You are viewing a plain text version of this content. The canonical link for it is here.

Posted to user@thrift.apache.org by Jeff Hammerbacher <ha...@cloudera.com> on 2009/04/03 04:19:03 UTC

Avro, a cross-language serialization framework from Doug Cutting, proposed as Hadoop subproject

See http://markmail.org/thread/7cgrwoc4er4mr3bp

Re: Avro, a cross-language serialization framework from Doug Cutting, proposed as Hadoop subproject

Posted by Doug Cutting <cu...@apache.org>.

David Reiss wrote:
> For those of you who don't have git, forrest, *and* Java 5
> (not 6! 5!) installed, I built the docs and put them online:
> 
> http://www.projectornation.com/avro-doc/spec.html

Thanks!

> - No code generation.  The schema is all in JSON files that are parsed
>   at runtime.  For Python, this is probably fine.  I'm not really clear
>   on how it looks for Java (maybe someone can look at the Java tests and
>   explain it to the rest of us).  For C++, this will definitely make
>   the avro objects feel clunky because you'll have to access properties
>   by name.  And the lists won't be statically typed.

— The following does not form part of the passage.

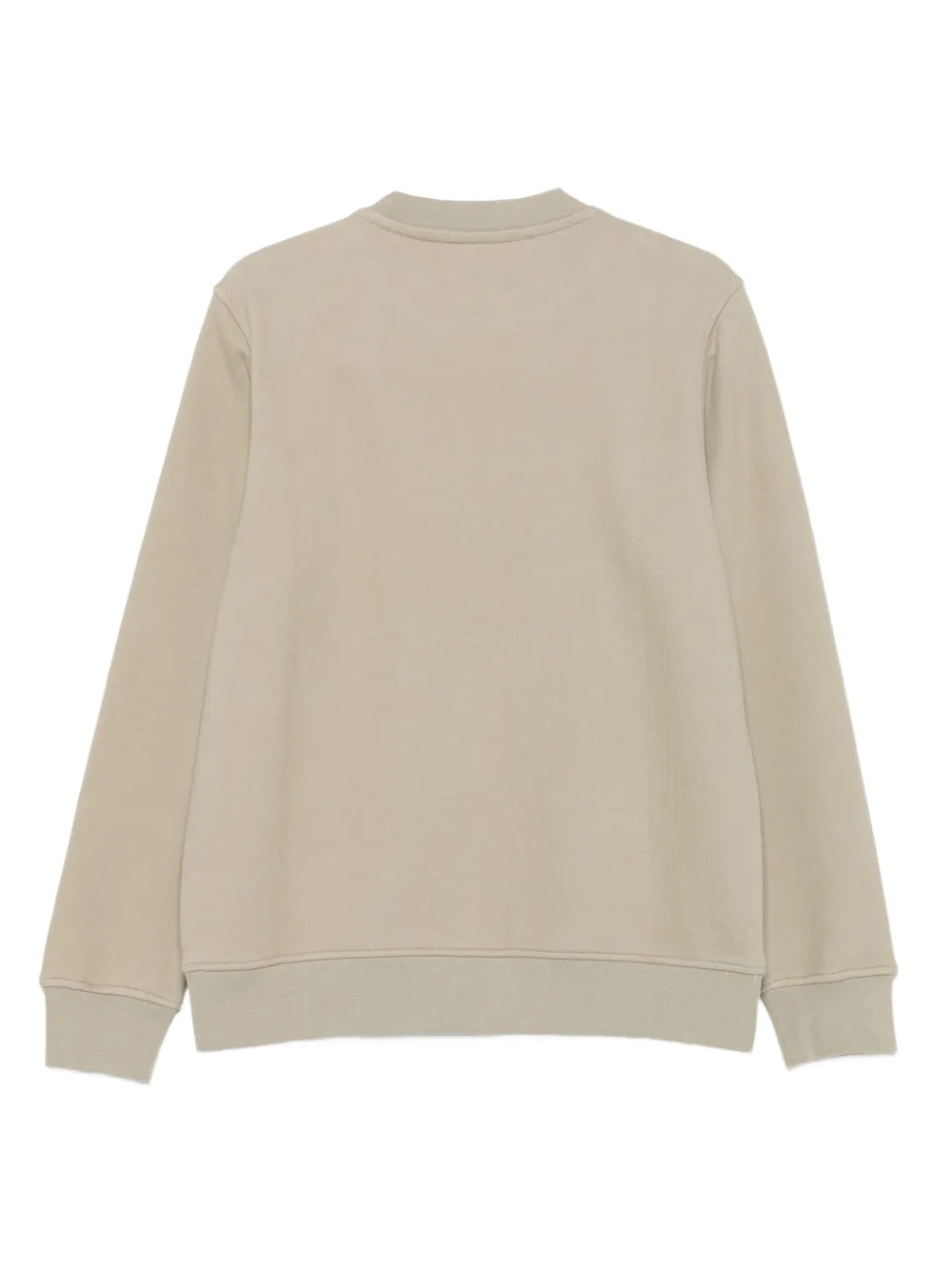 K-Way Sweater met logopatch en ronde hals - Beige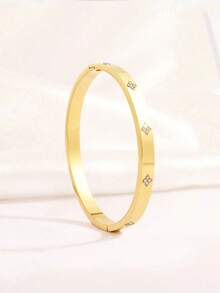 Set de 5 piezas de pulseras de acero inoxidable personalizadas y de colores variados, de diseño único, versátil y elegante, una opción de regalo ideal y resistente al desgaste - Multicolor - Ver 17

For C++ we'll probably implement code generation in Avro.  Java already 
includes code generation as an option.  Code generation isn't 
prohibited, it's just optional.  My guess is that it will only be 
implemented in Avro for C/C++ and Java.

Also, you need not access properties by name.  For example, the reader 
for generated Java code maintains an int->int mapping of remote fields 
to local fields, and fields are accessed by integer.  This is 
effectively what you must do in any generated code: you need a switch 
statement that maps a field id to the line of code which sets the field. 
  In Thrift and Protocol buffers, the remote field id is in the data, 
while in Avro its instead in the schema.

> - The full schema is included with the messages, rather than having
>   field ids delimit the contents.  This is nice for big Hadoop files
>   since you only include the schema once.  (It was a technique that
>   we discussed for Thrift.)  For a system like (I guess) Hadoop that
>   has long-lived RPC connections with multiple messages passed, I guess
>   it is not that big of a deal either.  For a system like we have at
>   Facebook where the web server must connect to the feed/search/chat
>   server once for each RPC, it is a killer.

This can be optimized by instead passing the hash of the schema, and 
faulting if the other side has not previously seen that schema, sending 
it on demand.  I've not yet had time to completely specify and implement 
this approach yet, but I think it addresses your concern here.  The 
fundamental requirement is only that the server and client somehow have 
copies of each other's schemas, not that they exchange them with each 
message or connection.  This is why the handshake has a version number, 
to permit different mechanisms here.  The first one is the simplest.

Doug

Re: Avro, a cross-language serialization framework from Doug Cutting, proposed as Hadoop subproject

Posted by David Reiss <dr...@facebook.com>.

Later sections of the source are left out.